Rui Costa Lopes, a research fellow
at the University of Lisbon, emailed in response to my inquiry about the roots
of right-wing populism: “As we’re talking more about those who suffer from
relative deprivation, status insecurity or powerlessness, then we’re talking
more about the phenomenon of ‘politics of resentment’ and there is a link
between those types of resentment and adhesion to right populist movements.”
Lopes continued: “Recent research
shows that the link between relative deprivation, status insecurity or powerlessness
and political populist ideas (such as Euroscepticism) occurs through cultural
(anti-immigrant) and political (anti-establishment) blame attributions.”
“The promise of economic well-being achieved through
meritocratic means lies at the very heart of Western liberal economies,” write
three authors — Elena Cristina Mitrea
of the University of Sibiu in Romania, and Monika Mühlböck and Julia Warmuth of the University of
Vienna — in “Extreme Pessimists? Expected
Socioeconomic Downward Mobility and the Political Attitudes of Young Adults.”
In reality, “the experience of upward mobility has become less common, while
the fear of downward mobility is no longer confined to the lower bound of the
social strata, but pervades the whole society.”
Status anxiety has become a driving force, Mitrea and her
colleagues note: “It is not so much current economic standing, but rather
anxiety concerning future socioeconomic decline and déclassement, that
influences electoral behavior.”
“Socially disadvantaged and economically insecure citizens
are more susceptible to the appeals of the radical right,” Mitrea, Mühlböck and
Warmuth observe, citing data showing “that far-right parties were able to
increase their vote share by 30 percent in the aftermath of financial crises.”
Economic insecurity translates into
support for the far-right through feelings of relative deprivation, which arise
from negative comparisons drawn between actual economic well-being and one’s
expectations or a social reference group. Coping with such feelings increases
the likelihood of rejecting political elites and nurturing anti-foreign sentiments.

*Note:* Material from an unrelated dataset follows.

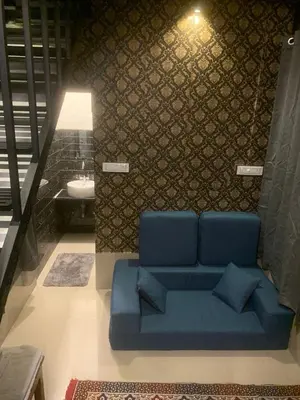 a blue couch in a room with a sink at Chalets Resort Masinagudi in Ooty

The concentration of despair in the United States among
low-income whites without college degrees compared with their Black and
Hispanic counterparts is striking.
Carol Graham, a Brookings senior fellow, and Sergio Pinto, a doctoral candidate at the
University of Maryland’s School of Public Policy, document this divide in “The
Geography of Desperation in America: Labor Force Participation, Mobility
Trends, Place, and Well-being,” a paper presented at a 2019 conference
sponsored by the Boston Federal Reserve:
Poor blacks are by far the most optimistic group compared to
poor whites: They are 0.9 points higher on the 0-10 scale (0.43 standard
deviations). Poor blacks are also 14 percentage points (0.28 standard
deviations) less likely to report stress the previous day, half as likely as
poor whites to report stress in the previous day, while poor Hispanics fall
somewhere in the middle.
Graham and Pinto measured poll
respondents’ sense of purpose, sense of community and their financial and
social well-being and found that “blacks and Hispanics typically score higher
than whites,” noting that “these findings highlight the remarkable levels of
resilience among blacks living in precarious circumstances compared to their
white counterparts.”
Graham and Pinto write:
The deepest desperation is among cohorts in the white
working class who previously had privileged access to jobs (and places) that
guaranteed stable, middle-class lives. Rather ironically, African Americans and
Hispanics — the cohorts that historically faced high levels of discrimination —
retain higher levels of well-being, especially hope for the future.
The data suggest that a large segment of the white,
non-college population lives day-by-day in a cauldron of dissatisfaction, a
phenomenon that stands apart from the American tradition.
This discontent drew many disaffected Americans to Donald Trump,
and Trump’s defeat in 2020 has produced millions of still more disaffected
voters who support his claim that the election was stolen."